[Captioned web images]
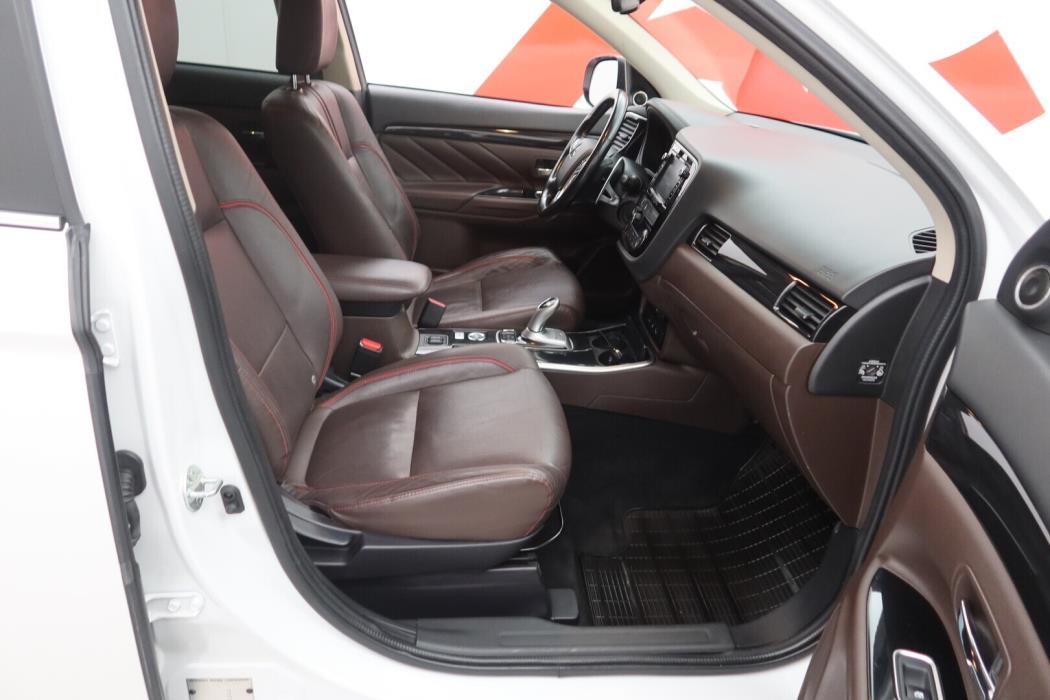 MITSUBISHI Outlander PHEV 2018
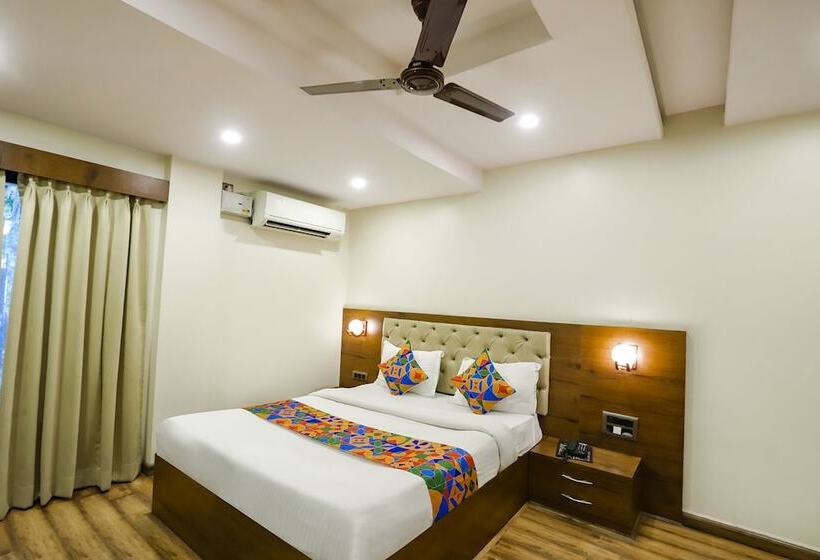 Jk Rooms 127 Hotel Parashar Check In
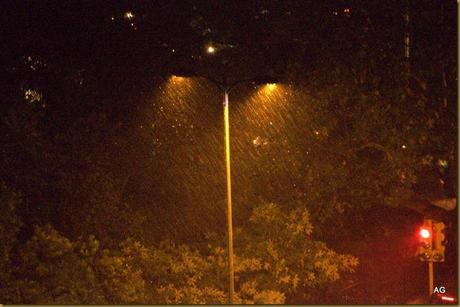 rainy night, delhi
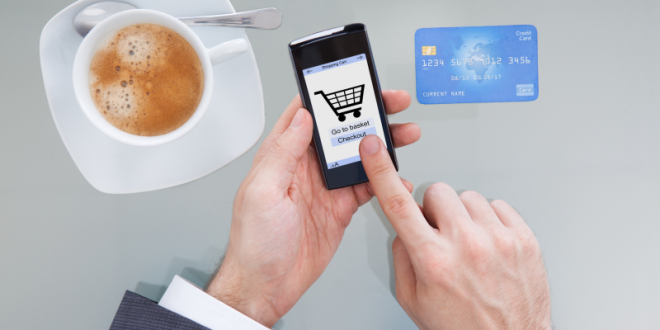 W jaki sposób najczęściej opłacamy zakupy w sklepach internetowych?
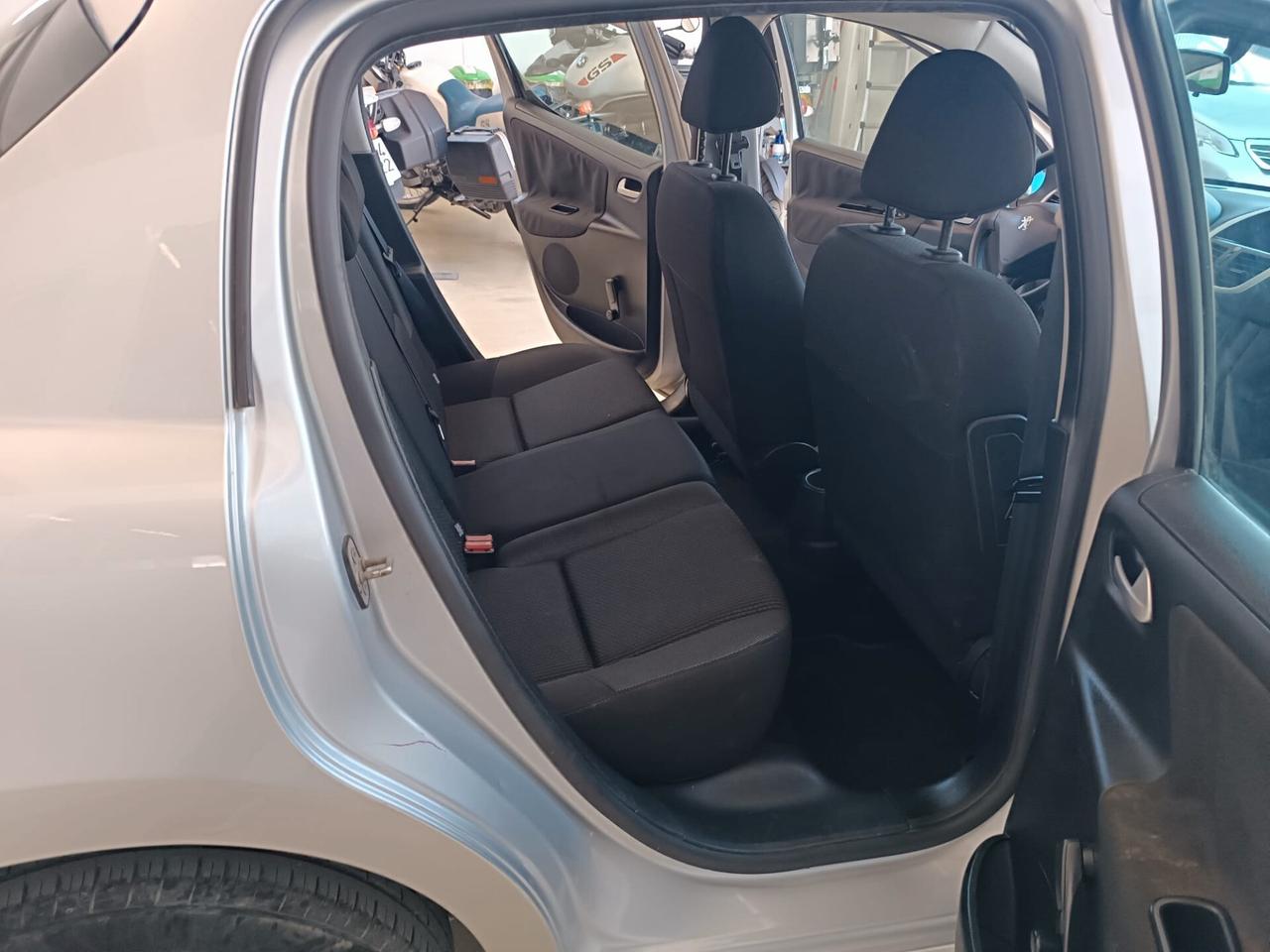 Peugeot 207 1.4 HDi 70CV FAP 5p. XS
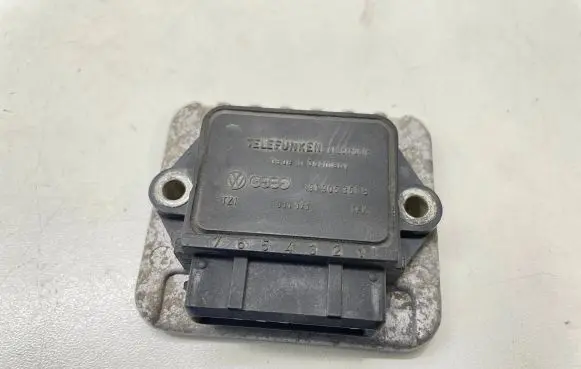 Audi 80 90 B3 Ignition amplifier control unit 191905351B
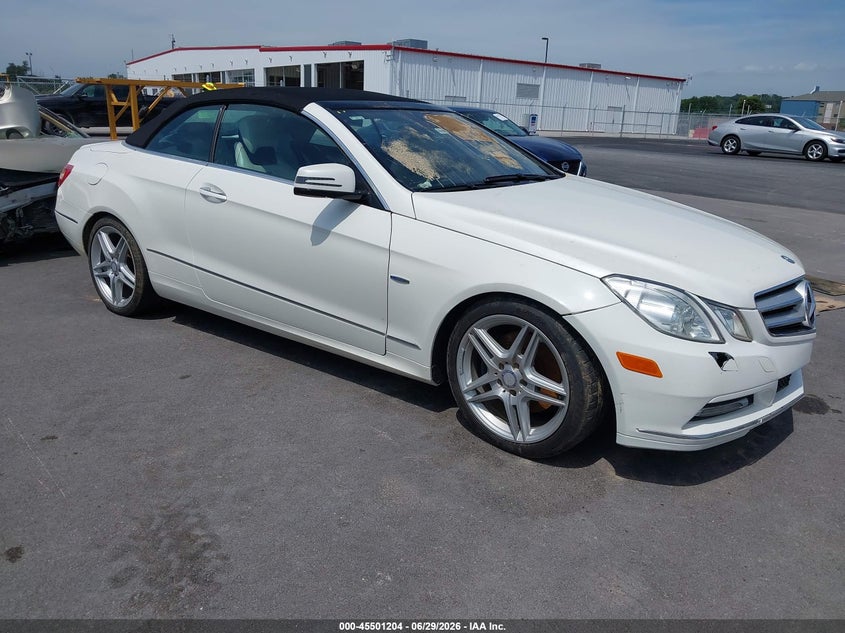 2012 Mercedes-benz E-klasse VIN WDDKK5KF6CF147934 IAAI salvage auction — WATER/FLOOD, Salvage Title, sold $1,050 on 2026-08-11 (photo 1)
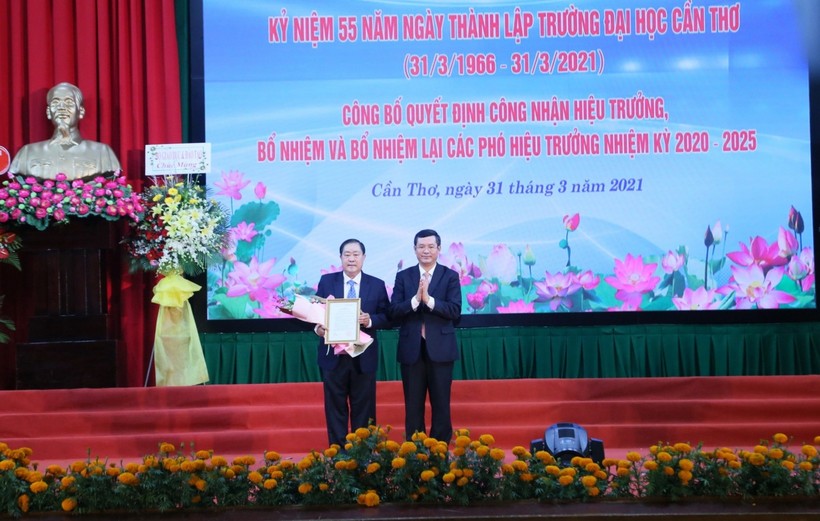 Thứ trưởng Bộ GD&ĐT Nguyễn Văn Phúc trao Quyết định của Bộ trưởng Bộ GD&ĐT công nhận GS Hà Thanh Toàn giữ chức vụ Hiệu trưởng Trường ĐH Cần Thơ nhiệm kỳ 2020 - 2025.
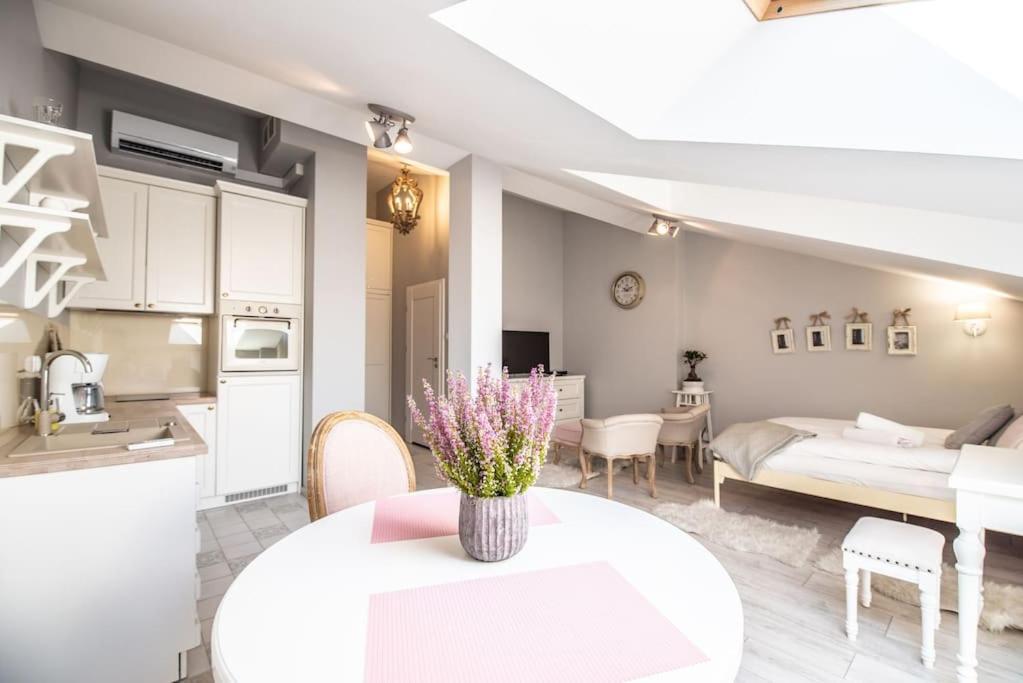 Apartament O Wysokim Standardzie W Centrum Miasta Lägenhet Krasków Exteriör bild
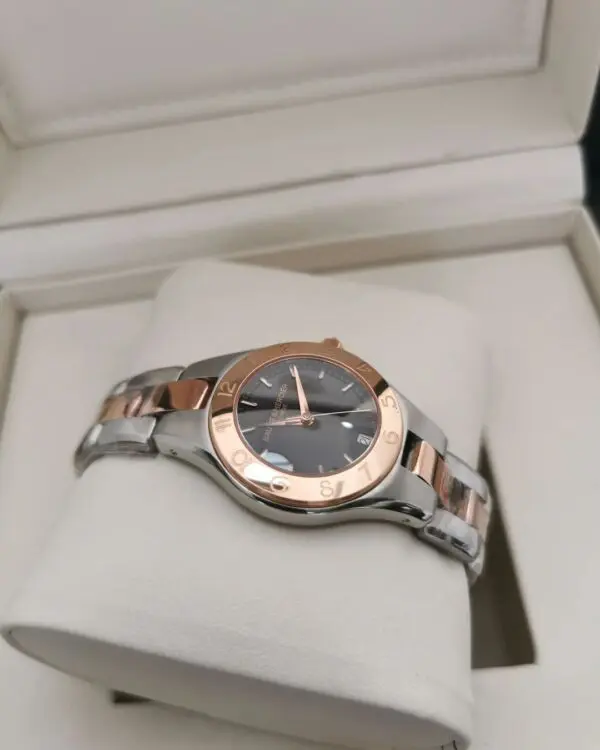 Rel gio Baume Mercier Linea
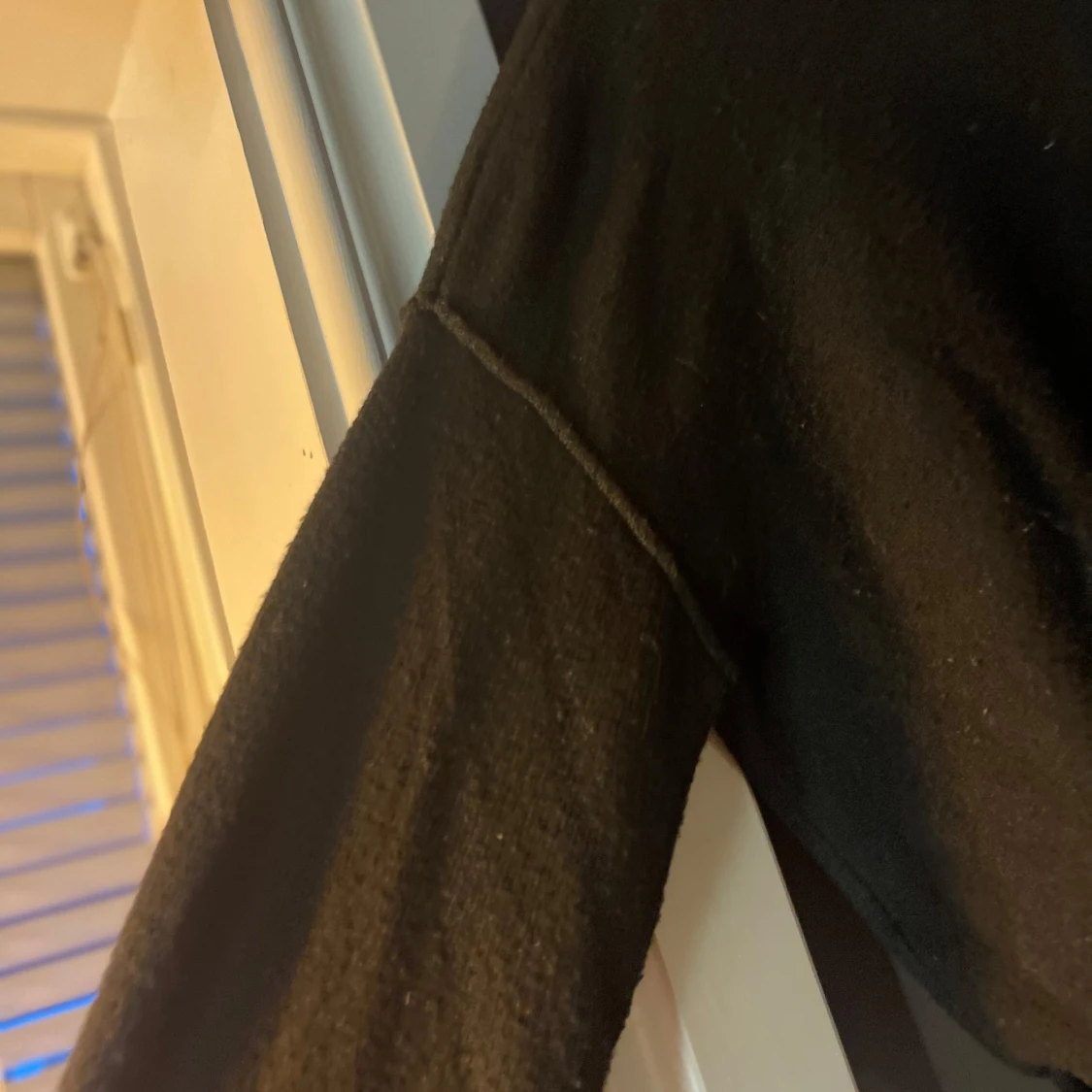 Svart croppad stickad tröja - 1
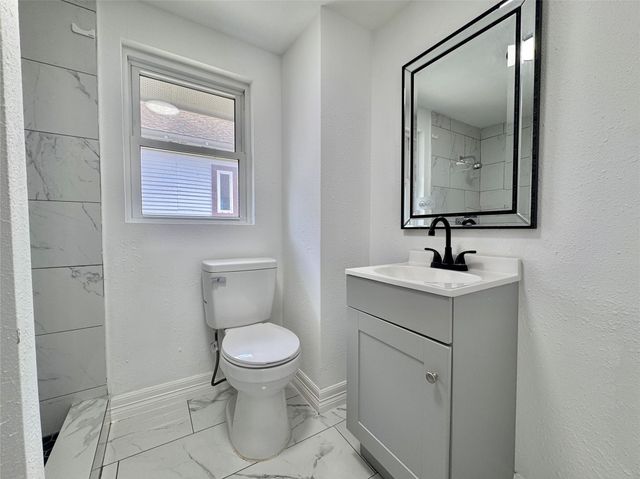 27 Norwood St 4, Houston, TX 77011
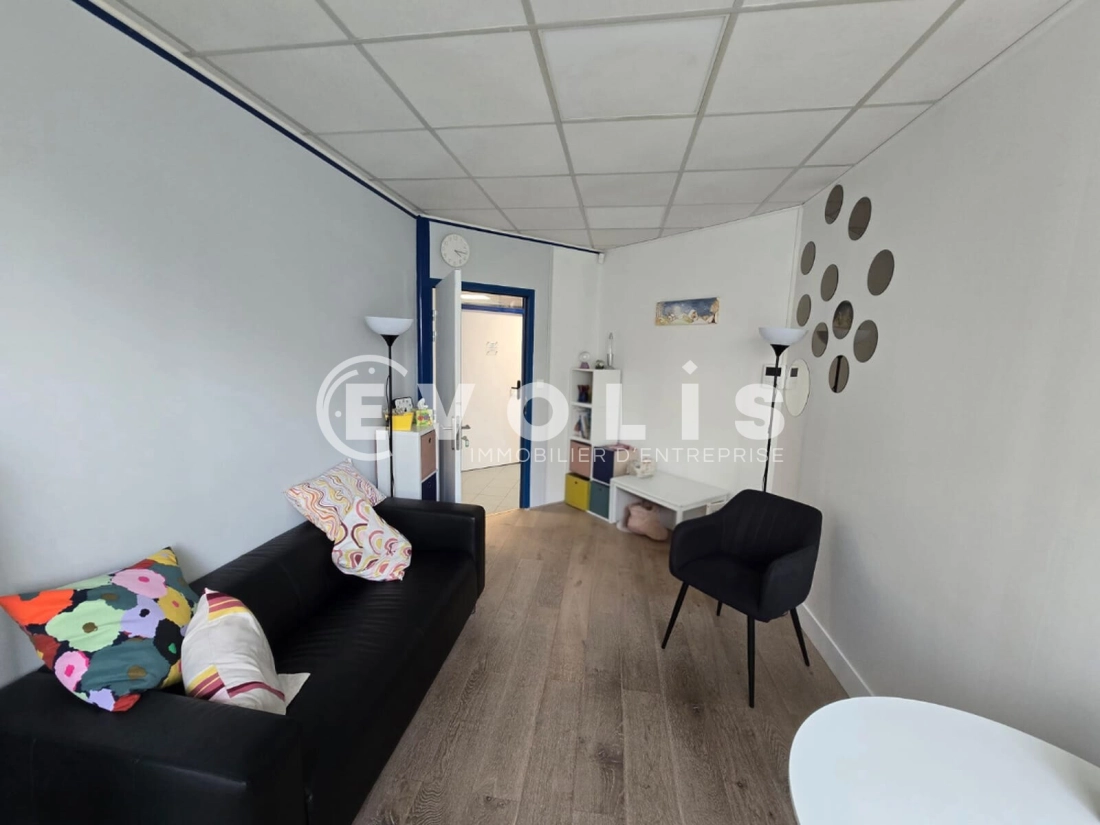 Photo 2 – location bureaux	EGLY (91520)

**What is expected**
From the first line of the entries above through the line with "Audi 80 90 B3", set down each line exactly and drop the pictures.

**Result for this task**
 MITSUBISHI Outlander PHEV 2018
 Jk Rooms 127 Hotel Parashar Check In
 rainy night, delhi
 W jaki sposób najczęściej opłacamy zakupy w sklepach internetowych?
 Peugeot 207 1.4 HDi 70CV FAP 5p. XS
 Audi 80 90 B3 Ignition amplifier control unit 191905351B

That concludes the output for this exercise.